50歳未満で大腸がんが増加している理由
毎年約200万人が大腸がんと診断されています。大腸がんは結腸直腸がんとも呼ばれ、世界で3番目に一般的ながんです。大腸がんと診断される人の大半は50歳以上ですが、近年、若年層での診断が増加していることが懸念されています。
2019年のある研究によれば、歴史的に大腸がんの発生率が高い7つの高所得国では、50歳以上の発生率が安定または減少し始めていました。これは、前がん性病変をがんに発展する前に発見する定期的なスクリーニングプログラムの成功によるものとされています。
しかし、同じ研究では、分析されたすべての国で50歳未満の人々の間でこの病気がより一般的になっていることも示されました。
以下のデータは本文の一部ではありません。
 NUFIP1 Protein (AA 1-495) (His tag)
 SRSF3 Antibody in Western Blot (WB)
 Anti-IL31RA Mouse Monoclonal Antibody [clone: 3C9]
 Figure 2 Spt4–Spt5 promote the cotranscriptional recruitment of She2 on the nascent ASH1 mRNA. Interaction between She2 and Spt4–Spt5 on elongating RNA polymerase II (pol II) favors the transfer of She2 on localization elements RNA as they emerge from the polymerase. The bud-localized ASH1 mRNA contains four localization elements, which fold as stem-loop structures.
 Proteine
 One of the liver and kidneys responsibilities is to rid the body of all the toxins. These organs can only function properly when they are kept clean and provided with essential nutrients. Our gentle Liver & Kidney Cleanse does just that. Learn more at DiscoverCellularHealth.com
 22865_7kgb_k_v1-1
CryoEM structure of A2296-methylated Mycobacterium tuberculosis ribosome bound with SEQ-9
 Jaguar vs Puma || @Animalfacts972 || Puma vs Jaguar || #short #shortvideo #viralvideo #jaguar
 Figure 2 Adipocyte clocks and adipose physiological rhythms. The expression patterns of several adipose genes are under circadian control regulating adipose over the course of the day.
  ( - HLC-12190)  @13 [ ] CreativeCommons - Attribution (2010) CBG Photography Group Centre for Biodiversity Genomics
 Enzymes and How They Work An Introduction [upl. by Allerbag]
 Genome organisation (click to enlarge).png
例えば、ノルウェーでは、1990年生まれの人が1920年生まれの人と比べて、若い年齢で直腸がん(大腸がんの一種)を発症するリスクが5倍高かったのです。
最近のより大規模な研究では、若年層での増加の原因が完全には解明されていないものの、私たちの不健康なライフスタイルが影響している可能性があると示唆されています。
予防可能な原因
大腸がんのリスクは、個人のライフスタイルや環境に強く影響されることが数十年前から知られています。例えば、1968年の画期的な研究では、アメリカに住む日本人の大腸がんの発生率が、日本国内の発生率よりもかなり高いことが示されました。この現象は、その後の多くの研究によって裏付けられ、西洋化されたライフスタイルが大腸がんを促進することを強く示唆しています。
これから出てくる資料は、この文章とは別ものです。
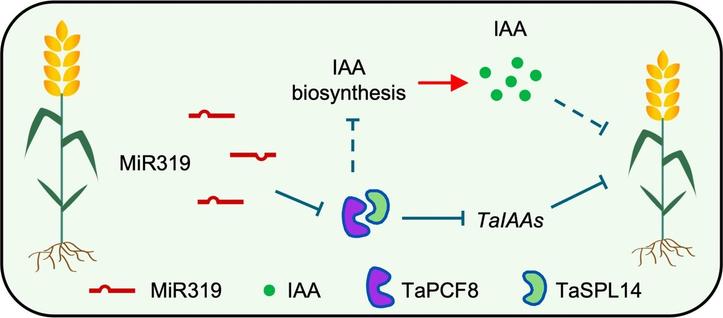 This diagram describes how wheat microRNA Tae-miR319 negatively regulates plant height by targeting the RNA encoding a transcriptional repressor of genes involved in auxin signaling.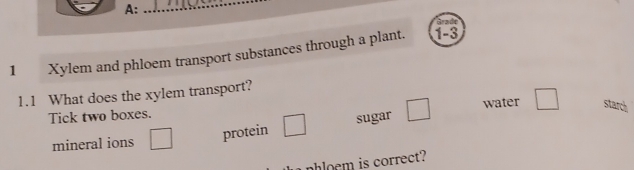 A:_ 
Grade 
1 Xylem and phloem transport substances through a plant. 
1-3 
1.1 What does the xylem transport? 
water starch 
Tick two boxes. 
mineral ions □ protein □ sugar □ □ 
nhloem is correct?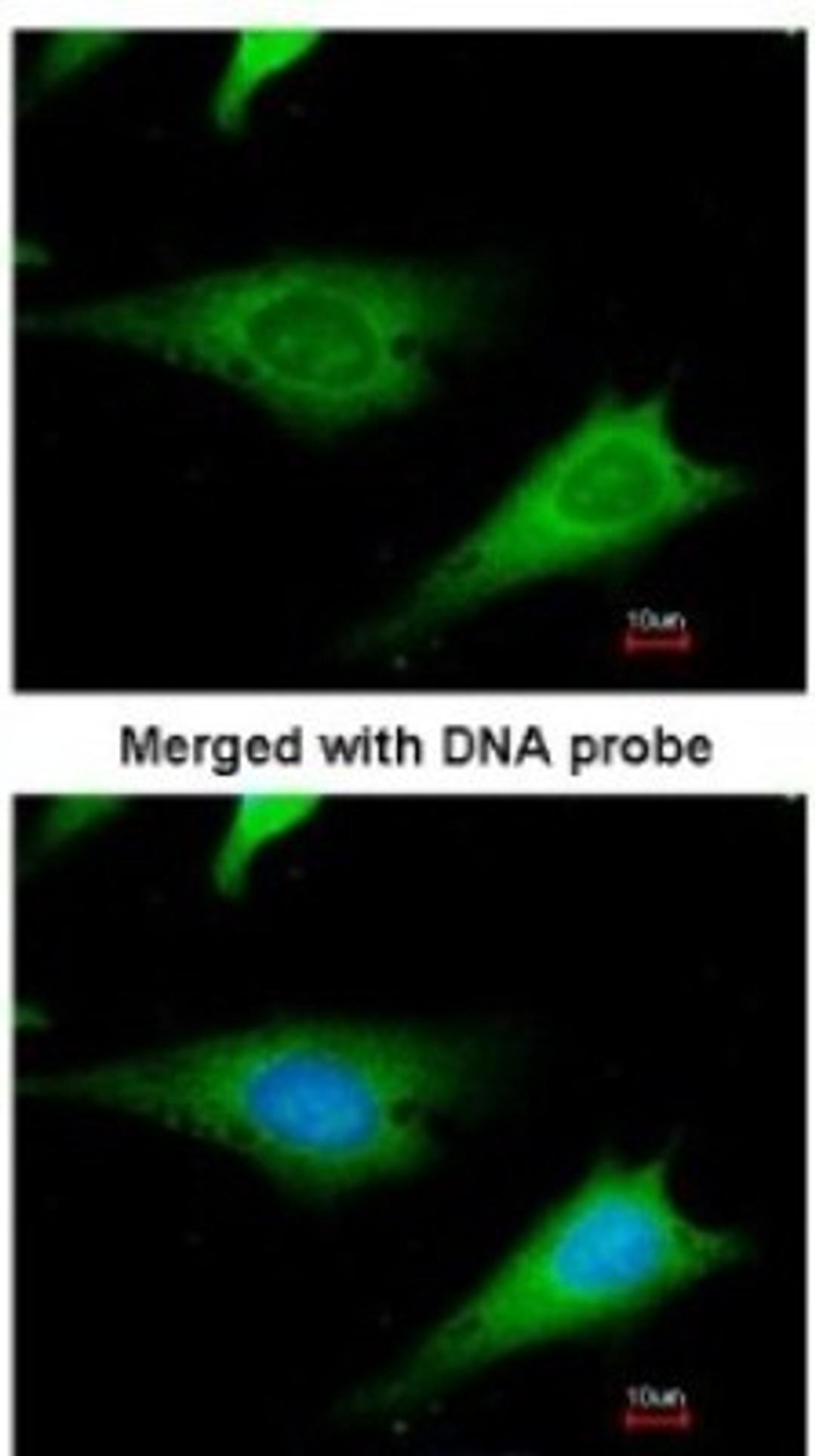 Immunocytochemistry/Immunofluorescence: RPS3A Antibody [NBP1-31598] - Paraformaldehyde-fixed HeLa, using antibody at 1:200 dilution.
その後の研究で、この影響を支える要因がより明確になりました。低い身体活動レベル、食物繊維が少なく脂肪が多い食事、または赤肉や加工肉を多く含む食事、過体重や肥満、アルコールの摂取、喫煙はすべて、大腸がんの発生リスクを大幅に高めることがわかっています。
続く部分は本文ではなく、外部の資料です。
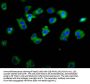 ASIC1 Antibody
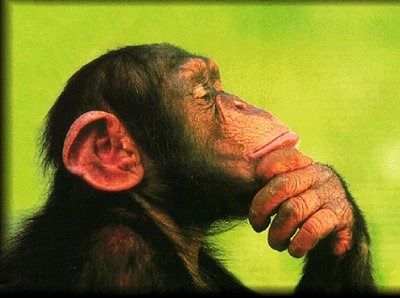 [monos%2520piensan%2520blogdeimagenes%2520%252813%2529%255B2%255D.jpg]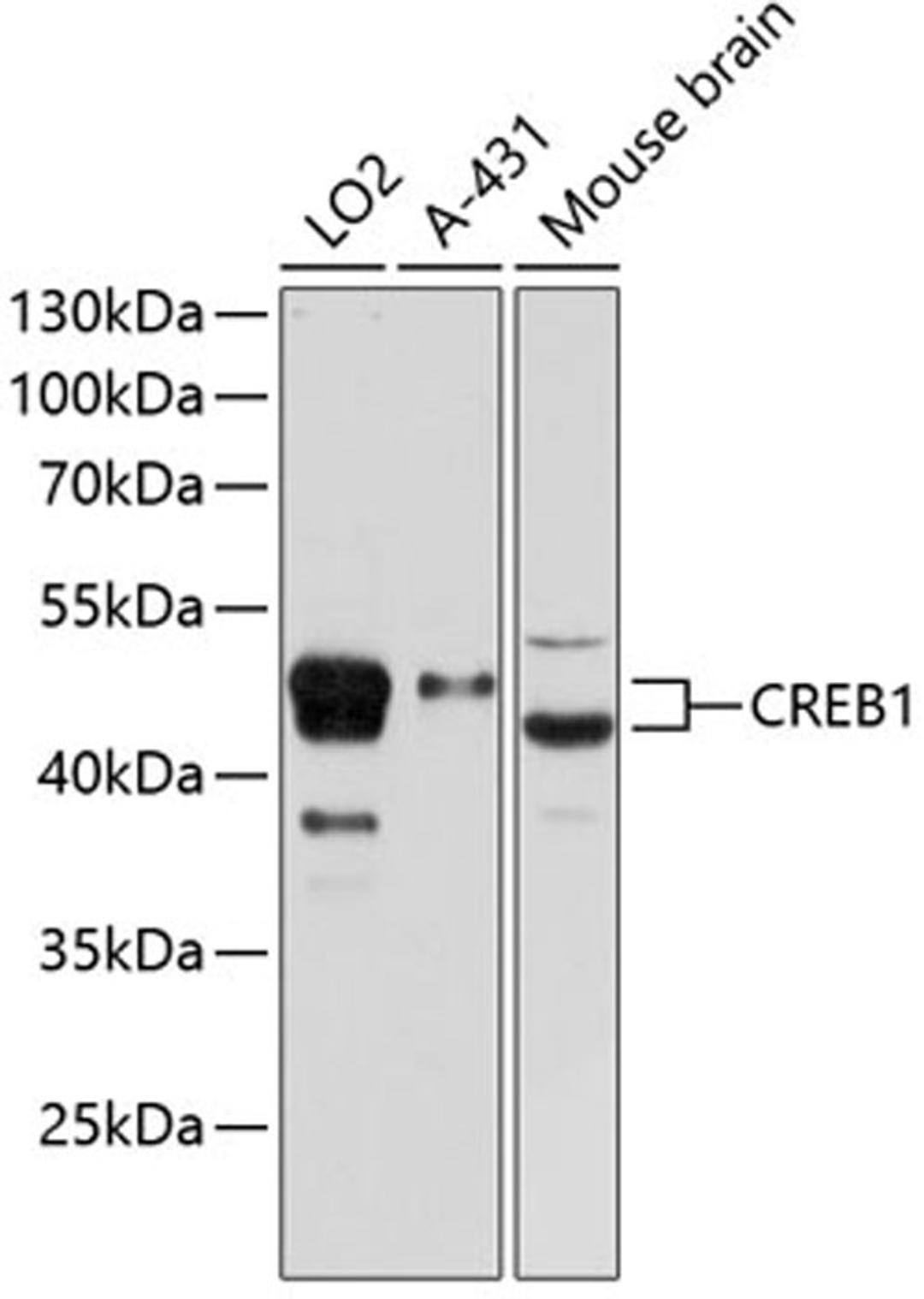 Western blot - CREB1 antibody (A12311)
これらのライフスタイル要因が大腸がんの症例全体に与える影響は大きいです。がん研究英国は、英国の大腸がん症例の半数以上が予防可能な原因によるものであると推定しています。
一方、日本では急速な経済発展が進む中で、ますます西洋化された食事が採用され、現在では世界で最も高い発生率の一つとなっています。
私たちのますます座りがちなライフスタイルと、栄養価が低くカロリーが高い食品の消費の増加は、大腸がんの発生率の世代間変化において重要な役割を果たしている可能性があります。このような食事は、1970年代にアメリカやヨーロッパの一部で一般的になり、その後、経済発展の副産物として他の国にも広がりました。
私たちはまた、肥満の流行の中にいます。世界中で20億人以上が過体重であり、そのうち8億9000万人が肥満です。
心配なことに、肥満の割合はすべての年齢層で増加していますが、特に子供や青年に不均等に影響を及ぼしています。肥満は、1970年代半ばと比べて5歳から14歳の子供で10倍も一般的になっています。
これは重要です。なぜなら、肥満に関連する多くの代謝変化(ホルモンの調節不全や慢性的な炎症状態など)ががんの発生を促進すると考えられているからです。肥満はまた、2型糖尿病とも関連しており、これは大腸がんの発生リスクを高めることが知られています。2型糖尿病も若年層でますます一般的になっています。
私たちの食事はまた、腸内微生物叢の健康に大きな影響を与えます。腸内微生物叢とは、私たちの体内に住む数兆の細菌や微生物の集まりです。証拠によれば、西洋型の食事は腸内の細菌のバランスを乱し、有害な微生物が増殖しやすくなり、有益な細菌の成長を抑える「ディスバイオシス(腸内細菌叢の乱れ)」の状態を促進する可能性があります。
50歳未満での大腸がんは、しばしば進行した段階で診断されます。これは、スクリーニングプログラムが50歳以上を対象としていることが一因です。しかし、Bowel Cancer UKの調査によれば、若年層やその医師の間での病気の認識不足も要因として挙げられています。
早期診断は予後を改善するために重要ですので、症状に注意を払うことが大切です。腹痛、血便、排便習慣の変化、原因不明の体重減少はすべて大腸がんの兆候である可能性があります。これらの多くはがんがない場合にも発生することがありますが、がんを除外するために検査を受けることが重要です。
どの年齢でも大腸がんのリスクを減らすためのメッセージは非常に明確です。健康的な食事を心がけ、超加工食品やアルコールの摂取を制限し、喫煙を避け、定期的に運動を行いましょう。
【用語解説】
– ディスバイオシス:腸内細菌叢の乱れを指し、腸内の細菌バランスが崩れた状態。
– 2型糖尿病:インスリンの作用が十分でなくなることで血糖値が高くなる病気で、生活習慣が大きく影響する。
– 大腸がん:結腸や直腸に発生するがんで、消化器系のがんの一種。